When I use Bolt in my application to fix an issue in a specific file, such as ProfilePage.tsx, and Bolt modifies exactly this file, an excessive number of tokens are consumed during the process.
Hi,
Thank you for your detailed response! I appreciate the information regarding the token usage and the ongoing optimizations. It’s great to hear that improvements are being made.
However, what I don’t understand is how the high token consumption occurs and what is sent to the LLM when only one code file is affected by a change. In bolt.new, this was handled better. I look forward to testing the experimental features in the Main Branch.
the prompt tokens includes the system prompt as well as the the entire chat history which includes all the writes and rewrites of file content done till now. so if your chat is long the token usage increases.

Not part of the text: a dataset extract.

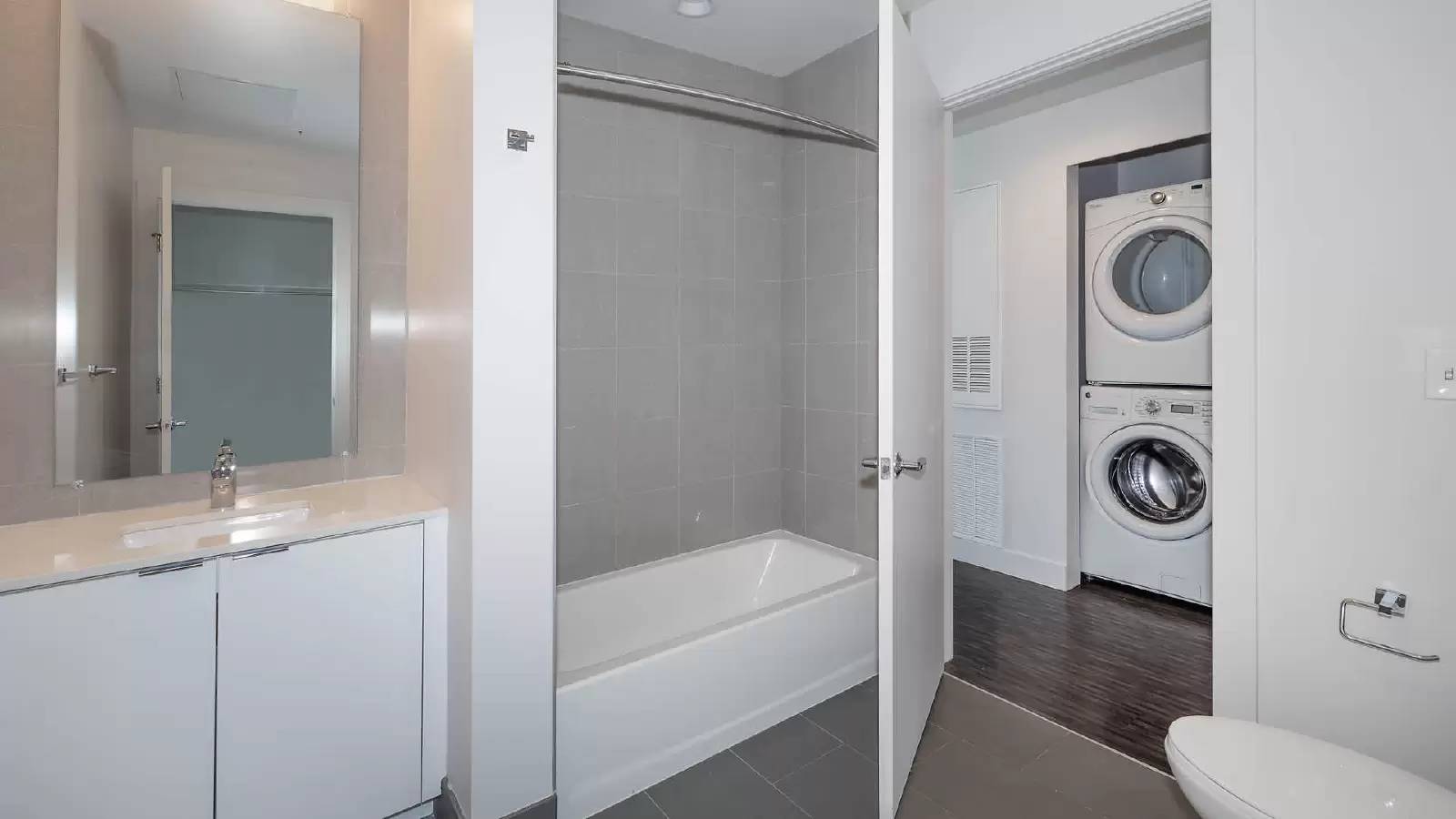 Property Image 76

but like @leex279 said we are working on experimental context optimization which aims to reduce this
Firstly, can I just say how cool Bolt.diy is - coming over from Pinegrow (which is good too) it’s a heck of a lot quicker to learn/experiment with.
Now, probably a dumb question - I am using deepseek (although also was with GPT4.0) but my queries (even really simple) are turning out really fat, and i’m hitting the max token error on almost every submission? I cleared chat history and reimported my project as per last download (it’s still small and rudimentary - i’m no coder (obvs)).
I couldn’t see how to trim, or limit the query size sent to GPT, so tried deekseek (higher limits) but soon hit them too
I’m clearly doing something wrong here (p.s. also used AI enhance prompt where i could too).
Hi @GJW,
you not doing something wrong. The feature is very new and without it was/is like you describe, cause bolt sent always everything again to the llm.
Yesterday came the new v0.0.6 Version. Make sure you got these and activate the Context Optimization in Feature Settings:
Hey guys, complete newbie to all of this. Never wrote a single line of code before, but I managed to somehow download bolt.diy locally on my computer last night successfully & have been playing around with it since. I have no idea how to use docker, but it seems people are having a better UI experience there.
My question is about optimizing tokens on the local platform. I’m currently using OpenAI API because I’m experiencing some trouble with deepseek, but as soon as I start making real progress on a project, I get hit with a token limit error message & I can no longer continue with that chat.
I notice people have mentioned adding some code to help fix this, but I don’t even know where to paste that code in my local bolt.diy. I don’t see the same UI experience being shared in the screenshots here, nor do I see a settings panel in the local bolt.diy, so I’m a bit lost.
Please be patient with me because this is all extremely new to me & I have no idea what I’m doing here.